What to work on: Keep the wording of the records intact as you retype them, and omit every image.

Provided records:
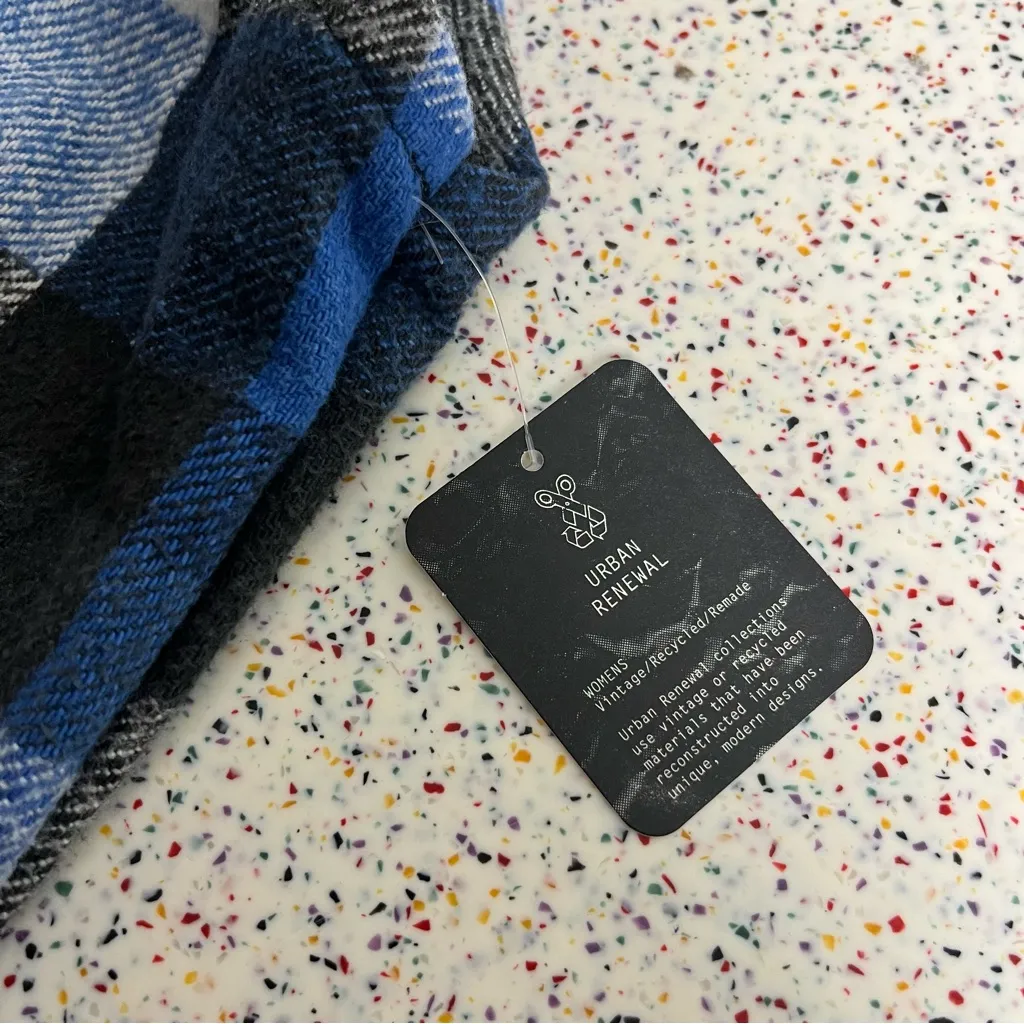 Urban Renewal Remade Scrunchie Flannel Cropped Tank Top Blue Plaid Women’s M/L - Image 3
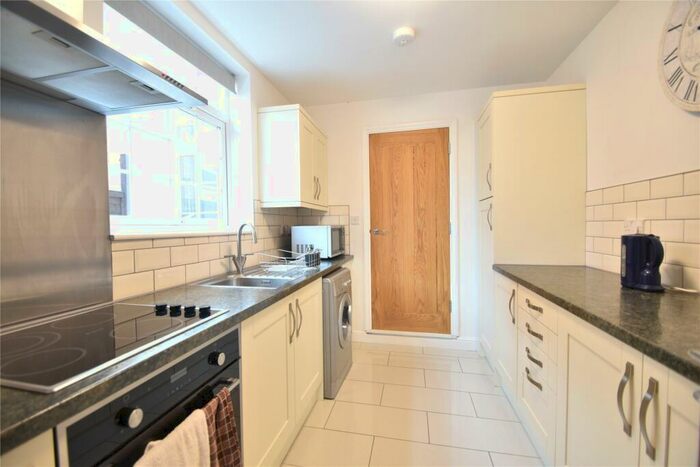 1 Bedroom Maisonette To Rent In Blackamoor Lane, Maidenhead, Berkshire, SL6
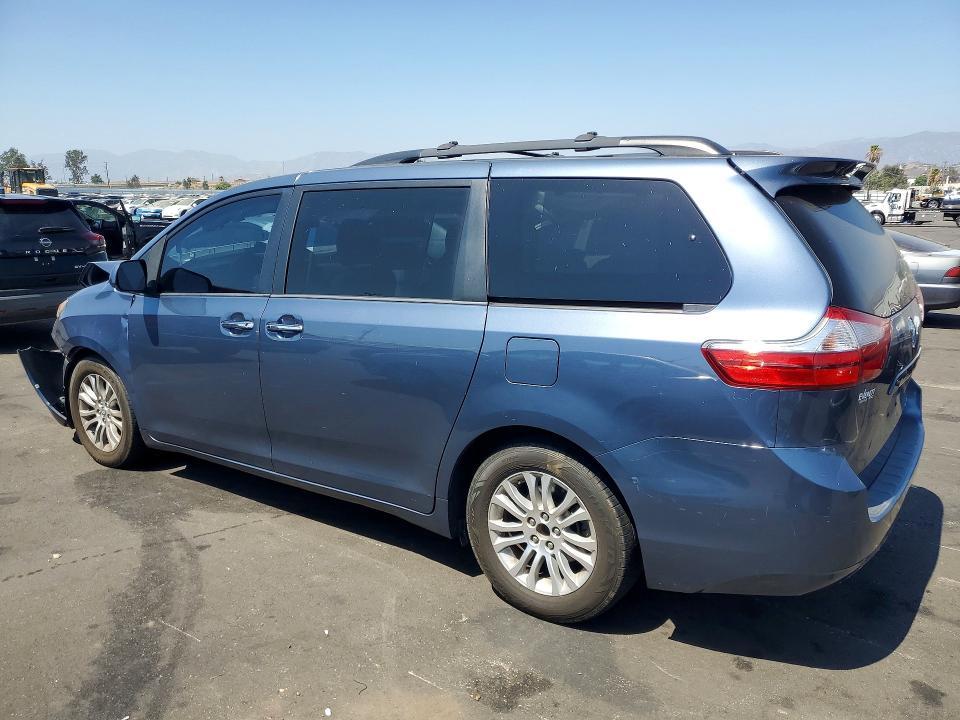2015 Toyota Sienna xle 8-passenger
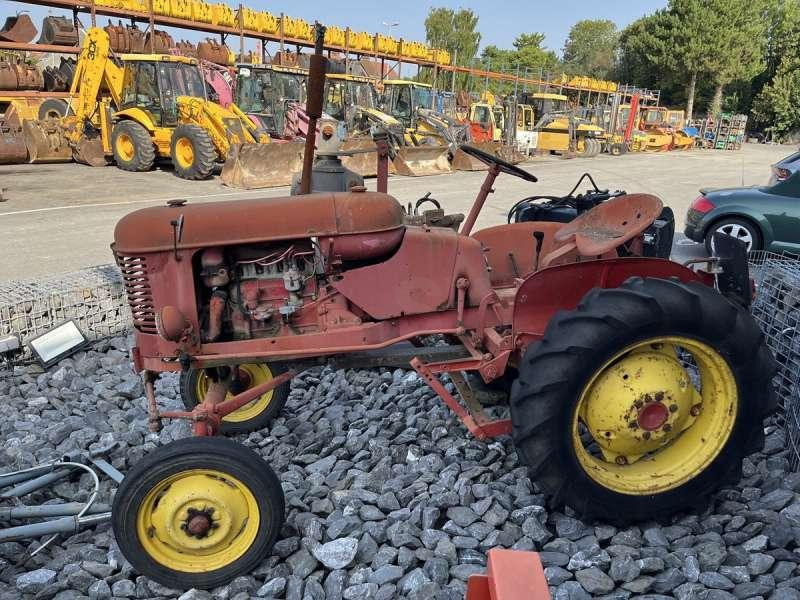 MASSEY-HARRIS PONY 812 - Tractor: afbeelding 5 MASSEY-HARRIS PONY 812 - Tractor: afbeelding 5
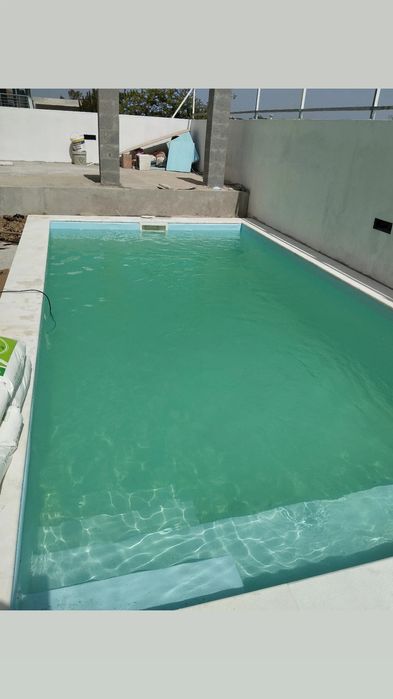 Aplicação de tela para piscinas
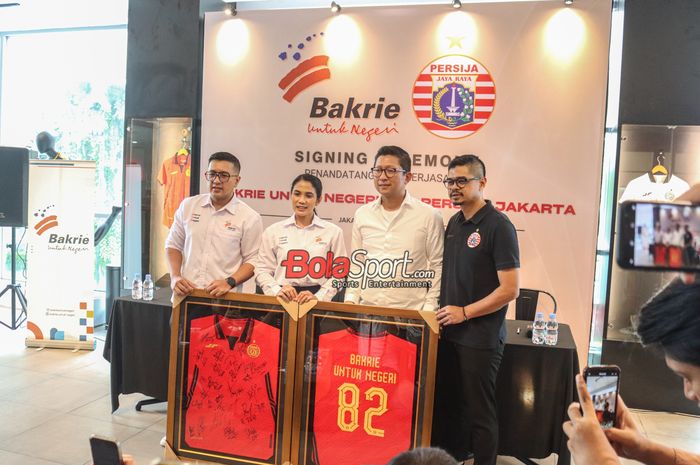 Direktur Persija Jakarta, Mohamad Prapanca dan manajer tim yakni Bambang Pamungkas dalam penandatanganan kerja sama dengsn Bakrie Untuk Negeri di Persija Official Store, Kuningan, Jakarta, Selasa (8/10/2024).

Exercise solution:
 Urban Renewal Remade Scrunchie Flannel Cropped Tank Top Blue Plaid Women’s M/L - Image 3
 1 Bedroom Maisonette To Rent In Blackamoor Lane, Maidenhead, Berkshire, SL6
2015 Toyota Sienna xle 8-passenger
 MASSEY-HARRIS PONY 812 - Tractor: afbeelding 5 MASSEY-HARRIS PONY 812 - Tractor: afbeelding 5
 Aplicação de tela para piscinas
 Direktur Persija Jakarta, Mohamad Prapanca dan manajer tim yakni Bambang Pamungkas dalam penandatanganan kerja sama dengsn Bakrie Untuk Negeri di Persija Official Store, Kuningan, Jakarta, Selasa (8/10/2024).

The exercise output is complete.